Just 12,000 jobs were added to payrolls, which is below expectations and a drop from the 223,000 added the previous month. The unemployment rate remained essentially unchanged at 4.1%.
The Bureau of Labor Statistics, which gathers the data, cautioned that the weather disasters had an impact on its survey collection.
After a period of job losses, employment in movies and sound recordings rose by 2,600 to 448,000. Employment in broadcasting and among content providers dropped by 3,300 to 333,000. Publishing Jobs increased by 3,900 to 926,700.
The report follows more optimistic data earlier this week, including average 2.8% growth in the GDP this year and a continued decline in the inflation rate.
The most significant jobs gains were in health care and government. The biggest declines were within temporary help for business and professional services, while manufacturing fell by 46,000. The BLS noted that there was a 44,000 drop in transportation equipment manufacturing “largely due to strike activity.”
Justin Wolfers, professor at the University of Michigan, wrote on X, “As a guess, hurricanes cost about -40k jobs, and the Boeing strike also cost -40k jobs. So *underlying* jobs growth was slower but still reasonable.”
Average hourly earnings rose by 13 cents during the month to $35.46, a rise of 0.4%, or 4% over the past 12 months.
Mark Zandi, chief economist at Moodys Analytics, called the figures a “head fake” because they were “weighed down by the temporary impact of the hurricanes and the Boeing strike.”

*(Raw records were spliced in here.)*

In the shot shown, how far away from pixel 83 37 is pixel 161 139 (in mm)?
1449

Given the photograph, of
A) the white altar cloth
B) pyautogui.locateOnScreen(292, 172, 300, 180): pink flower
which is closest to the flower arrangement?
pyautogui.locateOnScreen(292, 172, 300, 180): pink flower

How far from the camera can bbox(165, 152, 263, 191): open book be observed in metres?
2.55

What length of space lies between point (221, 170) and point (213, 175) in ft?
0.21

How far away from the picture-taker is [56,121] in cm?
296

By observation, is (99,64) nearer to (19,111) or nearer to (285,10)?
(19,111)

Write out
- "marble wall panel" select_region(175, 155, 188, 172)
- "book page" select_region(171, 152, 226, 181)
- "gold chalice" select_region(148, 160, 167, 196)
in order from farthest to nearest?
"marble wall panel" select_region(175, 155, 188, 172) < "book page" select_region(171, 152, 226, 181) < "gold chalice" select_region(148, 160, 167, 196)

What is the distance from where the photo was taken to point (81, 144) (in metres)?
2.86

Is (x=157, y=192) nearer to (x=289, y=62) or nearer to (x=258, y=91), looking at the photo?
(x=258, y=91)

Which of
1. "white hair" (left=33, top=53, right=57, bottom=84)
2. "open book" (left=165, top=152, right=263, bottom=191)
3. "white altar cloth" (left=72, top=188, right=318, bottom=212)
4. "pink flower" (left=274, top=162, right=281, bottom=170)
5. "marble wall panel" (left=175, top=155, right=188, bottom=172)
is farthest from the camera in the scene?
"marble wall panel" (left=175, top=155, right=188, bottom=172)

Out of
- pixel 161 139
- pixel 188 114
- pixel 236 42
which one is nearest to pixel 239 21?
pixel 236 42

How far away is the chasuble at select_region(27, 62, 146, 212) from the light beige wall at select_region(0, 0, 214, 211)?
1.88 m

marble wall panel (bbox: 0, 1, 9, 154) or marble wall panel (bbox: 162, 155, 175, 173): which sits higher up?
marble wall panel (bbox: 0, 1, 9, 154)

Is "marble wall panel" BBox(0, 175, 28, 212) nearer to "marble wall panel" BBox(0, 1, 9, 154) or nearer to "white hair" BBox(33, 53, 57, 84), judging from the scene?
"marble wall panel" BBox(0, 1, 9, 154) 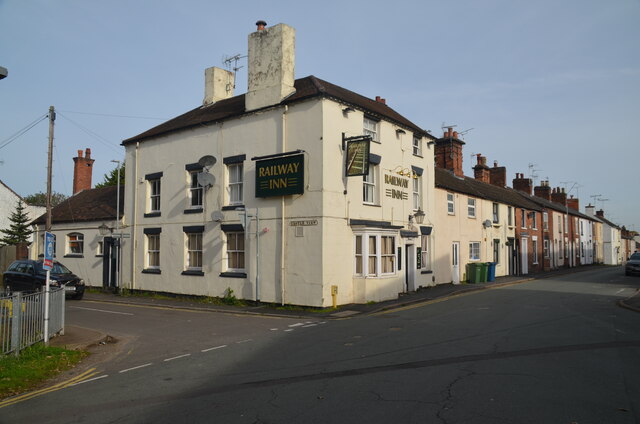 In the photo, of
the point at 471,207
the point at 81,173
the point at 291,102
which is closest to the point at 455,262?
the point at 471,207

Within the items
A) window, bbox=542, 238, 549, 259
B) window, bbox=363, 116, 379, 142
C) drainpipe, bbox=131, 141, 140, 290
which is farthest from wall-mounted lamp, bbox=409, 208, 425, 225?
window, bbox=542, 238, 549, 259

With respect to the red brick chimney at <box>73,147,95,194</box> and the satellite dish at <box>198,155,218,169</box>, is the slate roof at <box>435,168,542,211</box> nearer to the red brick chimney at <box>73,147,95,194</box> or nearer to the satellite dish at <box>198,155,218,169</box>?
the satellite dish at <box>198,155,218,169</box>

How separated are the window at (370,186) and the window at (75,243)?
56.2ft

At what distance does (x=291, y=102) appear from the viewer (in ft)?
59.6

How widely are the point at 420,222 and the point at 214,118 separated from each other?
1047 cm

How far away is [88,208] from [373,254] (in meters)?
18.8

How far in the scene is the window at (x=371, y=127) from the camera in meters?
19.6

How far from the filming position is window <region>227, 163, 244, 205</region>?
65.6 feet

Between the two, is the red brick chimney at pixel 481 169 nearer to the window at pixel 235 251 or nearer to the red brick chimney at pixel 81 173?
the window at pixel 235 251

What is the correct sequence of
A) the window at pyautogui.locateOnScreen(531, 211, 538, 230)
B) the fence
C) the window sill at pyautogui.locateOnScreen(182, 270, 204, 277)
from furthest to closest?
the window at pyautogui.locateOnScreen(531, 211, 538, 230), the window sill at pyautogui.locateOnScreen(182, 270, 204, 277), the fence

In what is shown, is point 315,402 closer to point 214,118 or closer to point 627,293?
point 214,118

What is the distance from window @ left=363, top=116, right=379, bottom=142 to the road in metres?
8.48

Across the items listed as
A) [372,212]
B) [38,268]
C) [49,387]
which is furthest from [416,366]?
[38,268]

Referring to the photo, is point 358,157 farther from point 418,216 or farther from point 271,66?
point 418,216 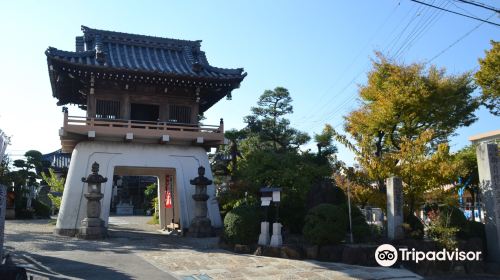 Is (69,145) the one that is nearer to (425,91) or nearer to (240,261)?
(240,261)

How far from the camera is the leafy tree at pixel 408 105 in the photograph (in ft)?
65.7

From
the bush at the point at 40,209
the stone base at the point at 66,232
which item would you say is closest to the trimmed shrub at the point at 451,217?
the stone base at the point at 66,232

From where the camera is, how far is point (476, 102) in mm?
22438

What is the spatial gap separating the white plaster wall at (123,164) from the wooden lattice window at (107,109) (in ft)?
4.81

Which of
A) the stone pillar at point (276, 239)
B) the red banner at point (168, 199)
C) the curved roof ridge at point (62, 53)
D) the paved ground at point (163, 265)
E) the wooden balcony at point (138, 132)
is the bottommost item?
the paved ground at point (163, 265)

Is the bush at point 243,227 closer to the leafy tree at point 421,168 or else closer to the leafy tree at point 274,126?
the leafy tree at point 421,168

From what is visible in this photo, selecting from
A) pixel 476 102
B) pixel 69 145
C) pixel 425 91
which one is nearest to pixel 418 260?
pixel 425 91

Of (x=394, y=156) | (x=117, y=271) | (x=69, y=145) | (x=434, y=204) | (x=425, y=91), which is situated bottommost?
(x=117, y=271)

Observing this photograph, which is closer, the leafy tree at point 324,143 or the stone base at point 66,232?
the stone base at point 66,232

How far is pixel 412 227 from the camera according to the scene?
1322cm

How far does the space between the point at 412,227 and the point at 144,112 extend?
570 inches

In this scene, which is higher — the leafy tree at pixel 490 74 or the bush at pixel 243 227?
the leafy tree at pixel 490 74

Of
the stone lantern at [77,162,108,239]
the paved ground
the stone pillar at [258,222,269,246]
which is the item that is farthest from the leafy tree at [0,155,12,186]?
the stone pillar at [258,222,269,246]

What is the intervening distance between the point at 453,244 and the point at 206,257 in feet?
23.1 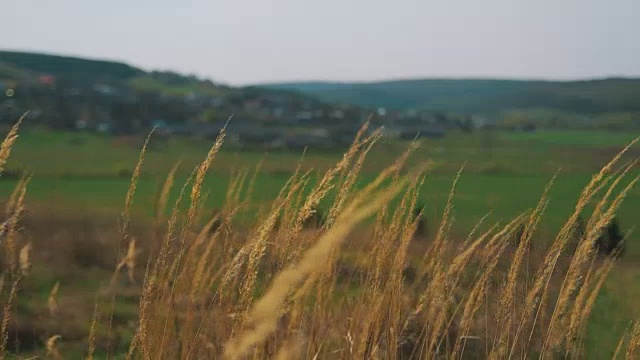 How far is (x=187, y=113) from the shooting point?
5538 centimetres

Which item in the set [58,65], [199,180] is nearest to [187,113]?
[58,65]

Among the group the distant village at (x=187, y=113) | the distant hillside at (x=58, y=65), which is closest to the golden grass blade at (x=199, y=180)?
the distant village at (x=187, y=113)

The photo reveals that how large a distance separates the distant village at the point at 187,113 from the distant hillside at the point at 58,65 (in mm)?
1407

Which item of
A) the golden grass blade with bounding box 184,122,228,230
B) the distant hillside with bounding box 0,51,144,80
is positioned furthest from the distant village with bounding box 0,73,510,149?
the golden grass blade with bounding box 184,122,228,230

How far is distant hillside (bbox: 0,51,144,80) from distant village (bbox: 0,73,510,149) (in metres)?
1.41

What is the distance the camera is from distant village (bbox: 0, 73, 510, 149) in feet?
161

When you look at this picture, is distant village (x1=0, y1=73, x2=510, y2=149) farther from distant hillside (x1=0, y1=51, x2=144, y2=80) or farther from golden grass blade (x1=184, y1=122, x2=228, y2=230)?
golden grass blade (x1=184, y1=122, x2=228, y2=230)

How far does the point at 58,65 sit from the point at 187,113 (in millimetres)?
10221

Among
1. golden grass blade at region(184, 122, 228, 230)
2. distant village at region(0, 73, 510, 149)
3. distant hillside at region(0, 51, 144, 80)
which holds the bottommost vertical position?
distant village at region(0, 73, 510, 149)

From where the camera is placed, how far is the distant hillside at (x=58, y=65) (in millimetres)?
57688

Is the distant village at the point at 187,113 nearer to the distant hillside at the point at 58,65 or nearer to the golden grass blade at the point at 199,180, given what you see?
the distant hillside at the point at 58,65

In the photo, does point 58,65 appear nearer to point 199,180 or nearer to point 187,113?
point 187,113

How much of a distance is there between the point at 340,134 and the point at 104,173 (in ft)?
46.9

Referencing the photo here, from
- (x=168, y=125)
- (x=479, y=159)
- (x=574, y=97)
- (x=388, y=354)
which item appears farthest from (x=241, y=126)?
(x=388, y=354)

“Response rates to the survey of businesses used to construct the job estimate were also extraordinarily low due to a very short collection period for the responses,” he wrote on X. “Abstracting from these one-offs, employment increased by close to 150k, about the same as the gains in recent months. This, combined with the stable and low near 4% unemployment rate and sturdy wage growth of 4%, it is fair to say the job market remains rock-solid.”